Texas Rangers

Adrian Beltre not ‘set in stone’ as Rangers’ cleanup man

Adrian Beltre has been a fixture the past four seasons in the Rangers’ cleanup spot, but he could move around more in 2015.
Adrian Beltre has been a fixture the past four seasons in the Rangers’ cleanup spot, but he could move around more in 2015. Star-Telegram

Third baseman Adrian Beltre has been the Texas Rangers’ cleanup hitter for 499 of the 584 games he has started since joining the club in 2011, and he was in the No. 4 slot in Sunday’s Cactus League game against Milwaukee.

But whereas former manager Ron Washington believed in lineup consistency to allow players to be comfortable each day, Jeff Banister said that statistical analysis will at times dictate where batters hit.

“When you’re extremely strong in all areas, there is an element to having guys in a lineup and familiarity,” Banister said. “But in today’s landscape of all the data and information, having guys that feel comfortable hitting in different areas of the lineup is necessary.”

More directly, regarding Beltre batting fourth, Banister said, “I wouldn’t say that’s set in stone.”

Beltre is likely to see a heavy load in the cleanup spot, but said that he doesn’t mind where he bats as long as he has lineup protection. He didn’t have much in 2014, when he batted .324 but hit only 19 homers.

“As long as I’m in the lineup I really don’t care,” Beltre said.

Right fielder Shin-Soo Choo could be the hitter who moves around the most because of his knack for getting on base, though he will likely spend most of his time batting third or fifth.

Tolleson improves

Some 10 days before Banister announced that Leonys Martin would be the Rangers’ leadoff hitter in 2015, he declared that right-hander Shawn Tolleson would start the season in the bullpen.

Tolleson promptly rewarded Banister with two lousy outings to open the spring, including a four-run stinker in a B game against a Chicago White Sox lineup full of minor leaguers.

“I’m trying to get people out,” Tolleson said. “I’m not just standing up there trying to throw 30 pitches.”

All along, though, Tolleson said that his arm felt great and his stuff was sharp. That was more evident Saturday with a scoreless inning against San Diego.

The lone blemish was a two-out walk that was quickly forgotten by retiring the next batter.

“I’m not worried about any of it,” Tolleson said. “If I throw more strikes, I’ll get quicker outs. I’ve been working on everything, and I’m failing on fastball command. Once I get that nailed down, hopefully I’ll have different results.”
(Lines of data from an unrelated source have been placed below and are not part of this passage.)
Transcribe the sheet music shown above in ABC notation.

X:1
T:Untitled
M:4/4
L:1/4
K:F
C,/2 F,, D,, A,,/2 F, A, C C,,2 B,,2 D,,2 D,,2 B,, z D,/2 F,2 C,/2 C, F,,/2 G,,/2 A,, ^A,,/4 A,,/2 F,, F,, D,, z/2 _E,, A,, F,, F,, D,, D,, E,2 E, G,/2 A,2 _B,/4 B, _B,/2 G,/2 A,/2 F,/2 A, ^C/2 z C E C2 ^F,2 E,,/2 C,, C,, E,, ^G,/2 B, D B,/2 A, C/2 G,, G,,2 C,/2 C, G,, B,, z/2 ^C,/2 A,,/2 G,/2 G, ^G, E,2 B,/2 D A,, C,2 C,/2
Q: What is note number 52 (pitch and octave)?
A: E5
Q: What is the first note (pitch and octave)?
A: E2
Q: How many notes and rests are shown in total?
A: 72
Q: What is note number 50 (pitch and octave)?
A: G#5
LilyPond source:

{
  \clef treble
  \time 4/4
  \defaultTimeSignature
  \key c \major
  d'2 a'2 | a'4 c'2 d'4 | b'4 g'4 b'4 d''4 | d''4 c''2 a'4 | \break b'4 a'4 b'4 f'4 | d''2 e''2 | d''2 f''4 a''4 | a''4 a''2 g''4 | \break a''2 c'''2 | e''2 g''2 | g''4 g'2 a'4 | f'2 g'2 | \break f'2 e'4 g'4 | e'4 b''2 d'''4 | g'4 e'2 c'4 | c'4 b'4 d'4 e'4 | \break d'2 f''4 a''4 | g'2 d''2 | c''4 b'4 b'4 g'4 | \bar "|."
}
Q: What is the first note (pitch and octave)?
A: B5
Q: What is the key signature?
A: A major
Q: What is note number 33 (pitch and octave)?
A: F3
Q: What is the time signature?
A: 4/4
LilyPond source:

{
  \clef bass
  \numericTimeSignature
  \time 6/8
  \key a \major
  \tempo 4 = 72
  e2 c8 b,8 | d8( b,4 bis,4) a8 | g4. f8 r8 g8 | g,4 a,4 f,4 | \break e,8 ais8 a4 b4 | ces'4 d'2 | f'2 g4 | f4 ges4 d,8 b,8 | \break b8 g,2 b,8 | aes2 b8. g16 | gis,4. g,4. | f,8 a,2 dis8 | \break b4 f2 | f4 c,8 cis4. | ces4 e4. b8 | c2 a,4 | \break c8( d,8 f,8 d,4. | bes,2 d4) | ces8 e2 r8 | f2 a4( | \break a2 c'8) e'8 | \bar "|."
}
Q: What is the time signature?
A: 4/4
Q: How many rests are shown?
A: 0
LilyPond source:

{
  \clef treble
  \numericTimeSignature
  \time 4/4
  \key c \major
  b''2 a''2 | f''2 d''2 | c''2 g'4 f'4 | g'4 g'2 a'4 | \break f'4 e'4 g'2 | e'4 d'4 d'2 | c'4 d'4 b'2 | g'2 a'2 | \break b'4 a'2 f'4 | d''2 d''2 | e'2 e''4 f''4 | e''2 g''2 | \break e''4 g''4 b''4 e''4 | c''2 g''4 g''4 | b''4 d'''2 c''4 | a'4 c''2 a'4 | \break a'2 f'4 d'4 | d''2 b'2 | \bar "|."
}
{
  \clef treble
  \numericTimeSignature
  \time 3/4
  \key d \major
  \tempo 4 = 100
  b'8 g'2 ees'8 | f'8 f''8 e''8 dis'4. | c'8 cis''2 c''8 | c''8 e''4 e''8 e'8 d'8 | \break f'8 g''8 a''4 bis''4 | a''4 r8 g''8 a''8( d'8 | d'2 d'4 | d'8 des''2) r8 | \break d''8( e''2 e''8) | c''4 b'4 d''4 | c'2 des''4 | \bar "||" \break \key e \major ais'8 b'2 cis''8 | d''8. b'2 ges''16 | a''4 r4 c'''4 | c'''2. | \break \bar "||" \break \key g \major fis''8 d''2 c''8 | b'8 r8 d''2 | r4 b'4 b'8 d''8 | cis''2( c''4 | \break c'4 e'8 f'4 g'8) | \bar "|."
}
Tolleson has joined fellow righties Neftali Feliz and Tanner Scheppers as relievers with Opening Day jobs.

Scheppers made it through a bullpen session Saturday without aggravating his sprained right ankle and will make his Cactus League debut Tuesday.

Not half bad

Matt Harrison said it was weird throwing off a mound again, and it was only a half-mound at that.

The good news after he threw 15 pitches was that his fused vertebrae felt fine.

If it still feels fine Monday, the left-hander could be back on the half-mound again Tuesday. He could throw off a regulation mound next weekend.

“There was nothing pulling back there,” Harrison said. “Now that I’m on the mound, how I feel the next day determines when I’ll do it again.”

Throwing downhill actually feels better, he said. Harrison is trying to lengthen his stride so that gravity pushes his back leg around rather than the more stressful act of him dragging it around.

Fellow rehabbing lefty Martin Perez (Tommy John surgery) has been throwing off a half-mound but is scheduled to graduate to a full mound on Tuesday.